The U.S. Securities and Exchange Commission (SEC) recently announced the 2015 examination priorities for its Office of Compliance Inspections and Examinations (OCIE). Advisers to private funds should especially note that they are among the primary targets of OCIE’s 2015 examination program.
The OCIE’s exam priorities will reportedly focus on three primary areas: protecting retail investors (especially senior citizens), assessing market-wide risks, and using data analysis to locate signs of potential unlawful activity.
The list of priorities, according to the SEC, may be supplemented over the course of the year as determined necessary, and were compiled in collaboration with the SEC’s various divisions, regional offices, and other regulators.

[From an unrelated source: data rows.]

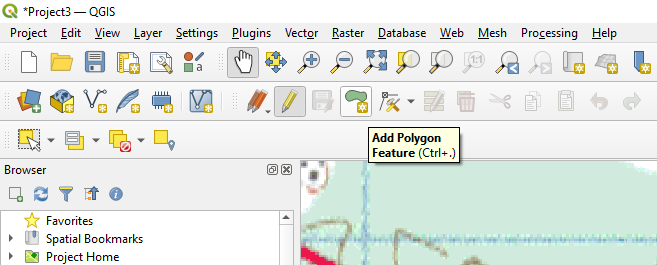 Figure 4.35. The Add Polygon Feature is selected, this icon looks like a kidney bean shape with a star in the corner.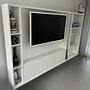 Bookless TV-Regal Holz Glas Weiß 2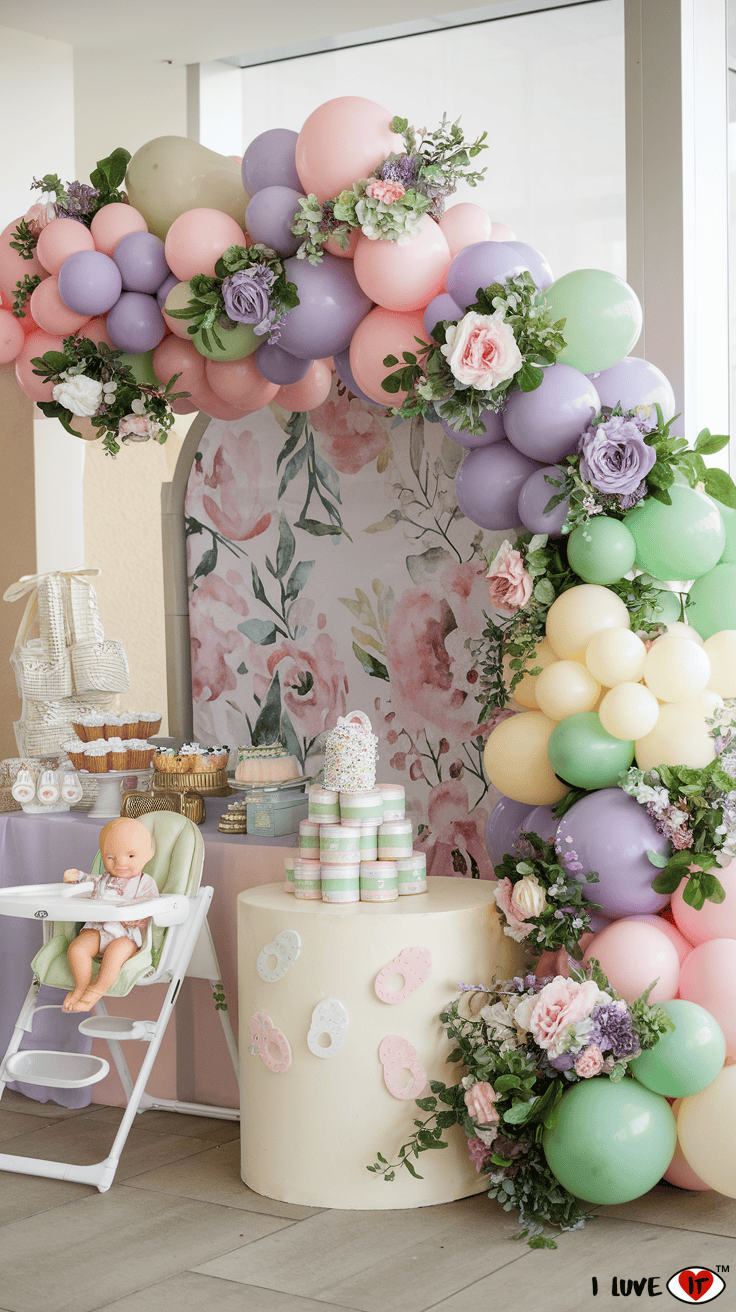 baby in bloom balloon arch ideas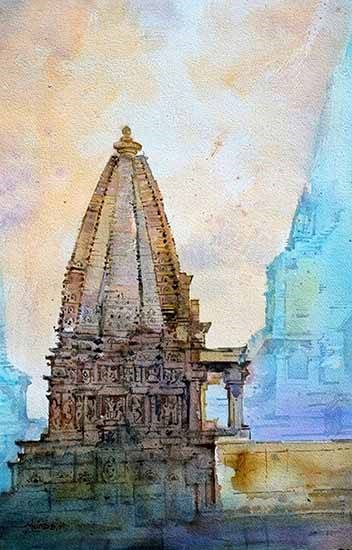 Laxman Temple Khajuraho, painting by Milind  Bhanji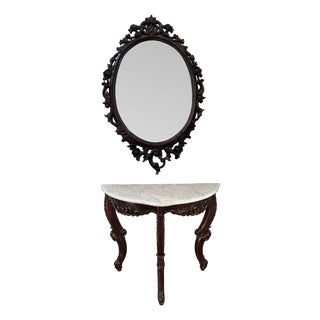 1970s Dark Wooden Oval Mirror and Console Table With Marble Top Pair For Sale
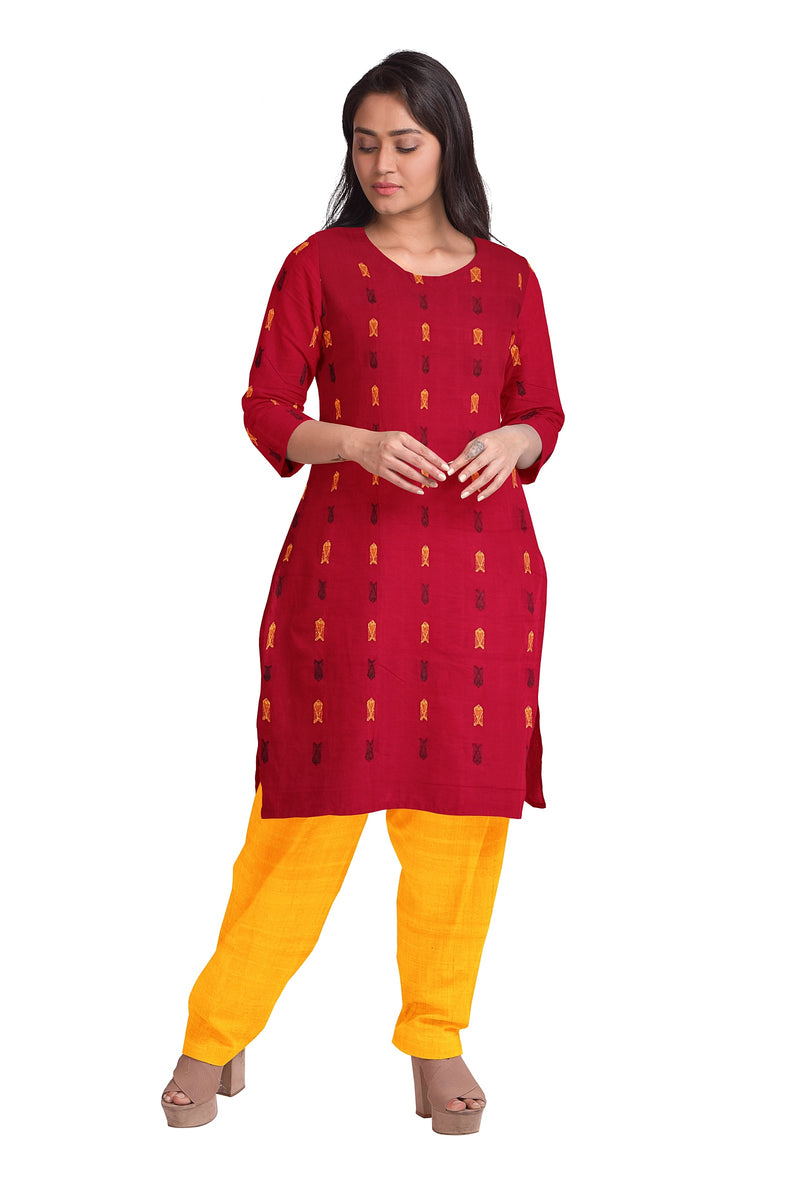 Fish Motifs bomkai cotton dress material set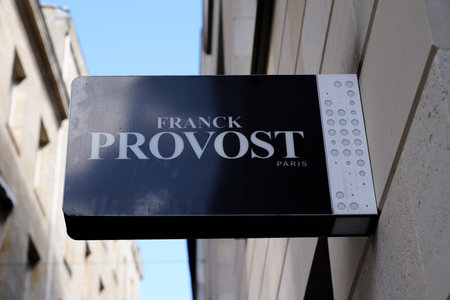 Bordeaux , Aquitaine France - 03 12 2022 : Franck Provost paris brand text and logo sign on facade local hairdresser entrance salon barber shopのeditorial素材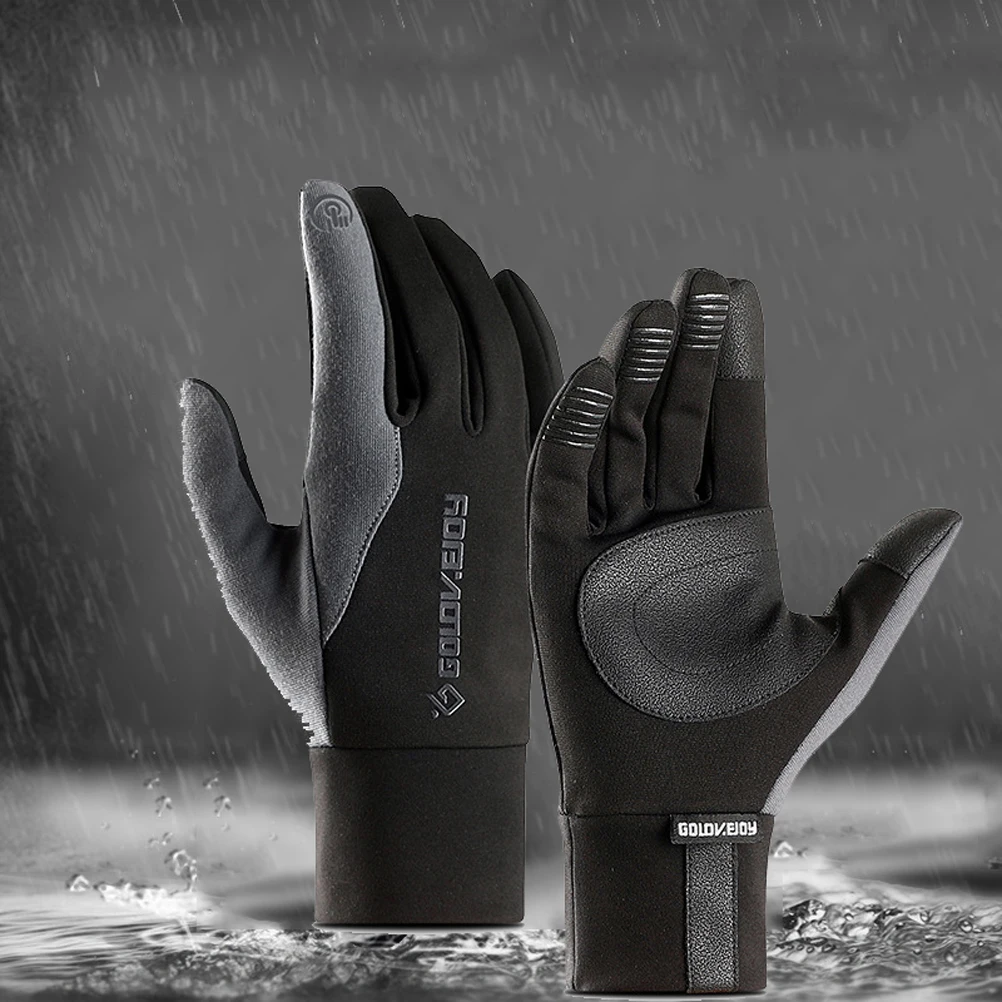 

Thickened Windproof Warm Cycling Gloves Anti-Slip Touchscreen Compatible For Hiking Running Fishing Outdoor Sports 1 Pair Xl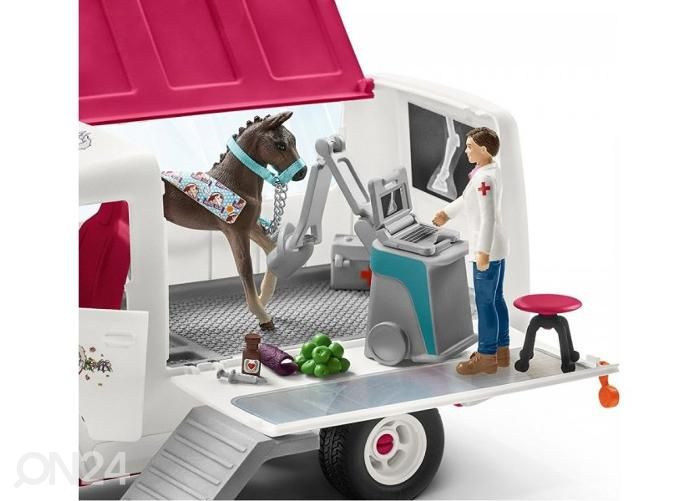 Schleich Horse Club Liikkuva eläinlääkäriasema ja hannoverinhevosen varsa kuvasuurennos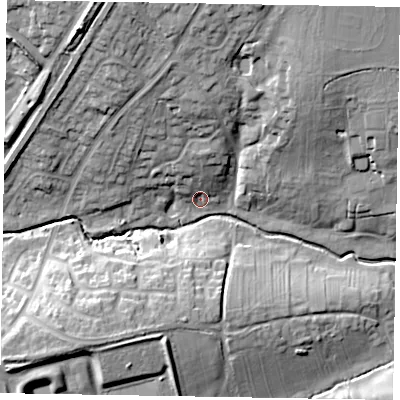Shaded relief map of the ground around NN188HD, computed from Environment Agency LiDAR. The ground here sits at about 87 m above sea level and falls 26 m across the surrounding 800 m. Surface water reaching this point runs off ground lying to the north, 8.3 m higher.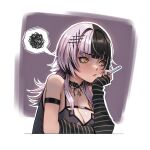  1girl :/ absurdres arm_strap black_choker black_dress black_hair breasts chest_belt choker cleavage closed_mouth commentary cropped_torso dress english_commentary grey_background grey_hair hair_ornament hand_on_own_cheek hand_on_own_face head_rest highres holding holding_pen hololive hololive_english lace lace_choker large_breasts long_hair looking_to_the_side multicolored_hair pen pendant_choker seventeencrows shiori_novella shiori_novella_(1st_costume) solo split-color_hair spoken_squiggle squiggle striped_arm_warmers two-tone_background two-tone_hair virtual_youtuber white_background yellow_eyes 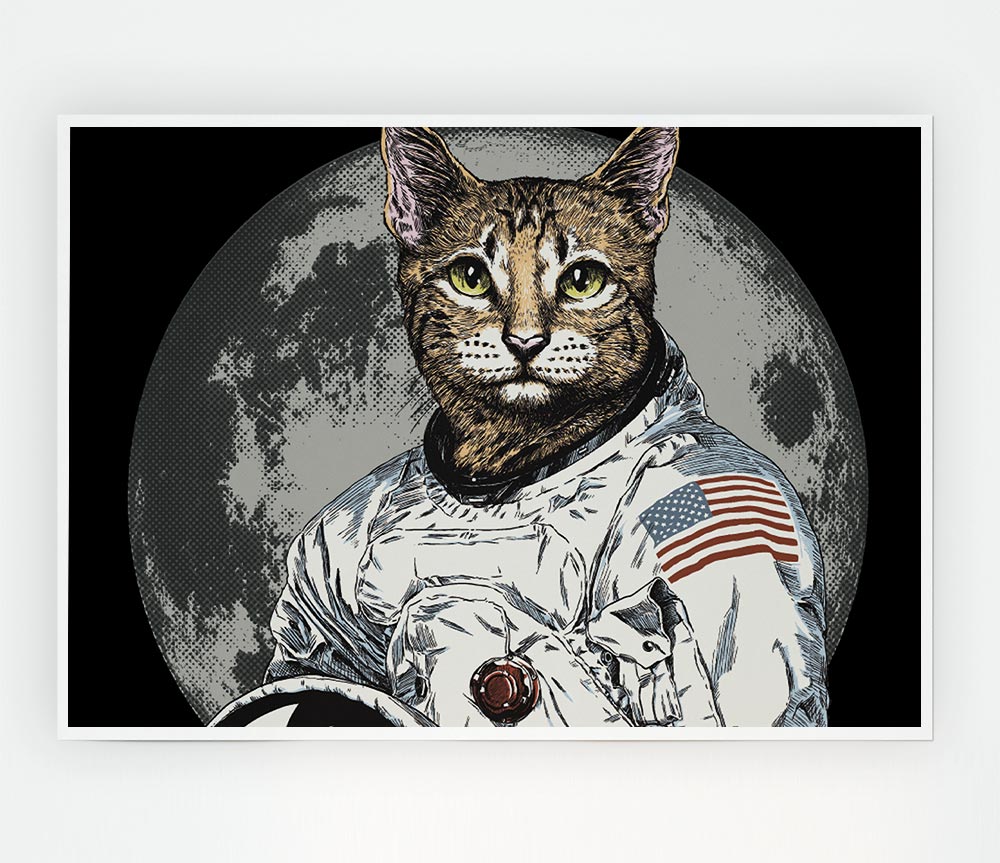 Cat Astronaut Print Poster Wall Art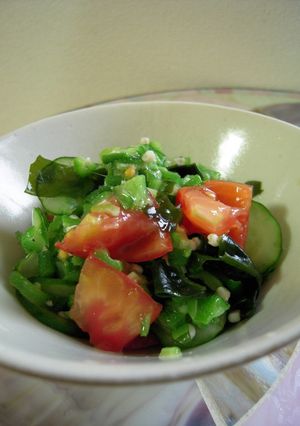 夏野菜（おくら・トマト）のネバトロサラダ-レシピのメイン写真
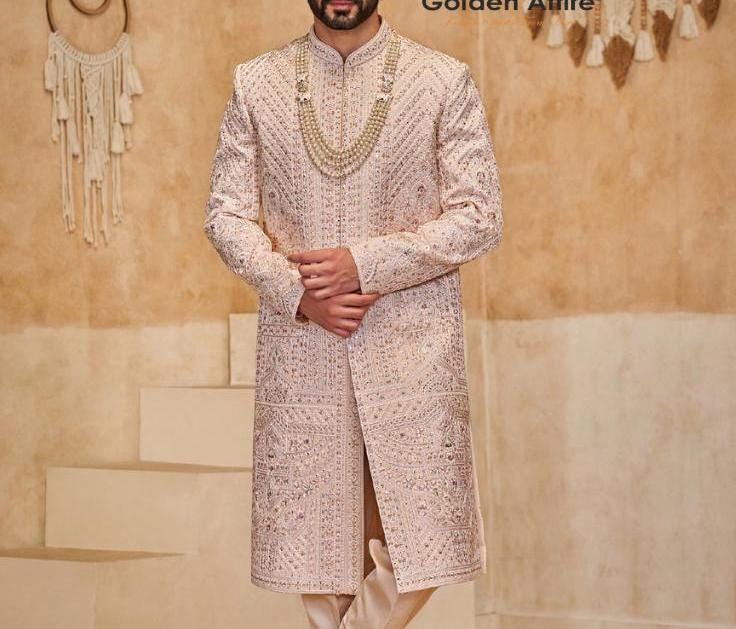 Exquisite Pastel Pink Groom Sherwani: Indian Wedding Outfit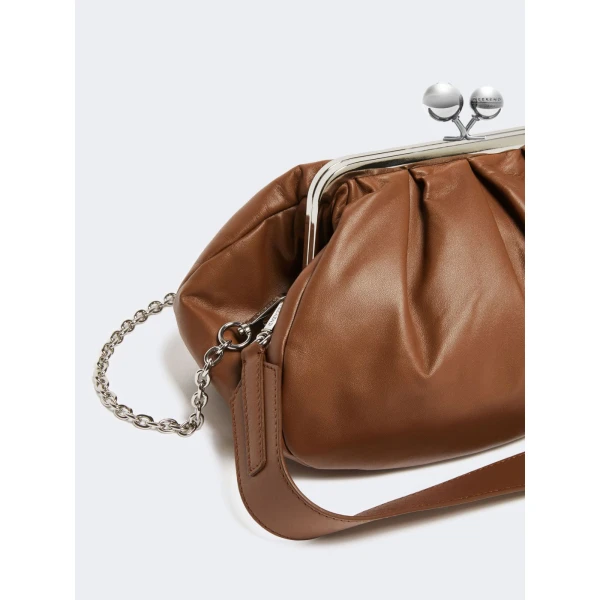 Max Mara Cubico Medium Nappa Pasticcino Bag in Tobacco | Clutch Bags | Coveti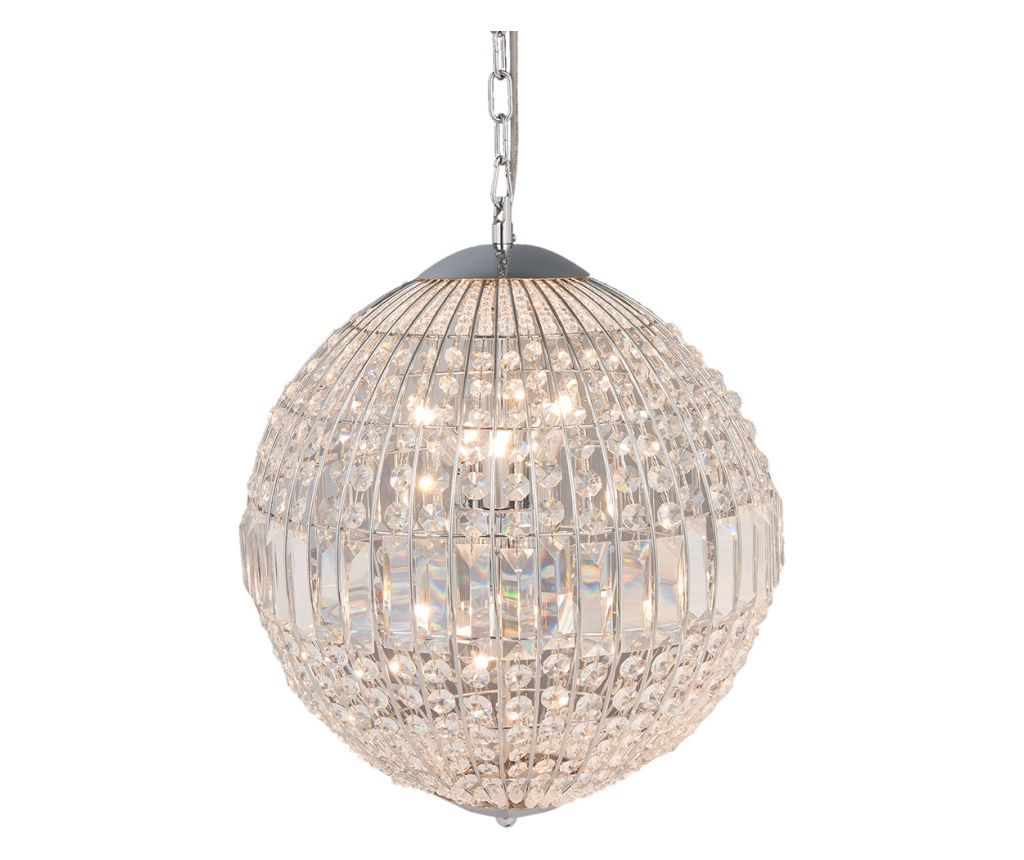 Ασημένιος Μεταλλικός Πολυέλαιος με Διάφανο Γυαλί 40x48/170 εκ.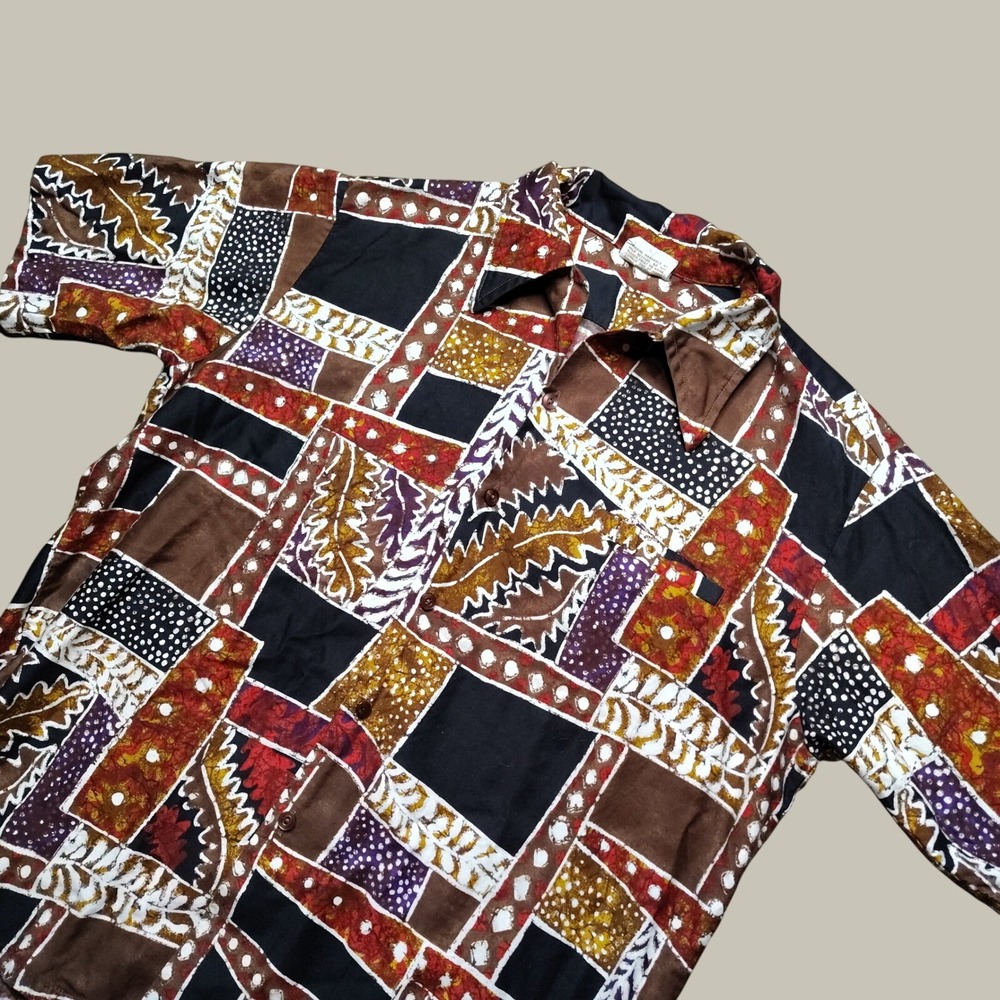 Barefoot in Paradise Hawaiian Shirt Loop Collar Mens Large Patchwork Shirt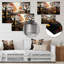 Cozy village in Autumn Moonlit I - Art mural en métal City Art Deco-1528827813
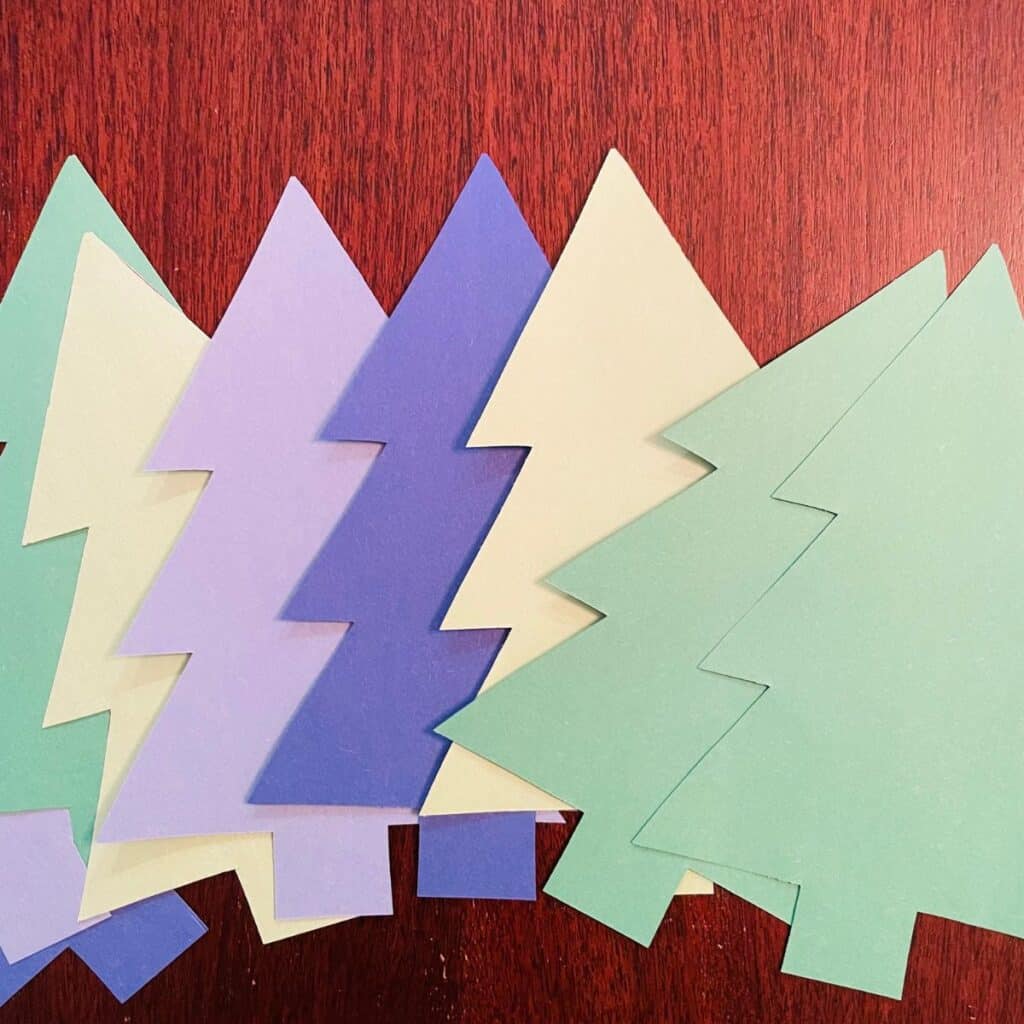 winter tree templates cut out and ready to paint!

With respect to the priority regarding the protection of retail investors, the OCIE examinations will focus on, among other things: “fee selection and reverse churning,” to determine if investors are being overcharged or are being placed in investments that serve the best interests of the broker or adviser, rather than the investor; “sales practices,” especially with respect to the recommendations by brokers or advisers to liquidate current holdings in retirement accounts to other investments that may not be suitable under the circumstances for the investor; “suitability,” when retirement assets are placed in investments that are too complex and/or afford excessive risk for the typical investor; and “alternative” investment companies, where investor funds are placed in non-registered investment companies, and the risks and lack of disclosure are an issue for investors.
Among the priority targets for OCIE’s examinations during the year will be registered municipal advisers, registered investment companies that have never been examined by the SEC, and advisers of private equity funds, primarily to determine the fees and expenses of such funds, and how they are allocated and disclosed to investors.